Much in the way DOI work, BM will certified the appartenance of a namespace to a data provider and disambiguate the naming for it. With normalized URI, RDF document starts to connect together which is one of the main reason to adopt the semantic way of doing data integration.
Why Banff manifesto ?
Because to build the semantic coordinate system based on URIs we need a reference to start from, 'bm' is the proposed namespace authority and if it is based in Banff, it will not move because the Rockies don't move ! Banff Manifesto wants to remove some creeps from bioinformatics semantic web. Creeps rule the web, we gathered to adopt and share Banff Manifesto. Join our community, it is up to you.
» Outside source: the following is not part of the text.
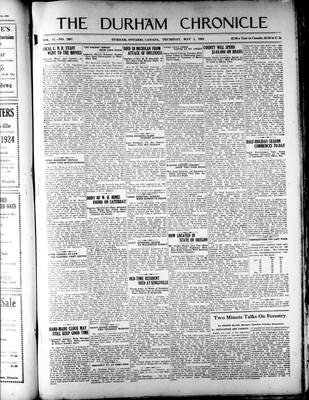 Durham Chronicle (1867), 1 May 1924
Some of the main ideas of the Manifesto comes from Tim Berner-Lee's own reflexion
about linked data.
Join the Banff Manifesto by adding your name and web site by commenting this page. All suggestion are welcome.
More on WhyManifesto .
The Banff Manifesto rules of thumb
- Rule #1 : URI are normalized and dereferencable
- Rule #2 : Authoritative public namespace are used
- Rule #3 : Mandatory predicates are used
- Rule #4 : Resource predicate are prefixed with an "x"
- Rule #5 : Blank nodes are forbidden
- Rule #6 : RDFizer program are made available according to the GNU licence for open source
- Rule #7 : Deferenceable ontologies
Rule #1 : URI are normalized and dereferencable
The syntax of normalized URI is composed of three parts separated by ':'. The autority_namespace is 'bm' an acronym for Banff Manifesto. The literal of public_namespace are attributed by the BM community (for example go, uniprot, pubmed). The private identifier is the responsibility of the RDF provider of the corresponding document (for example 0000007 with go, p26838 for uniprot).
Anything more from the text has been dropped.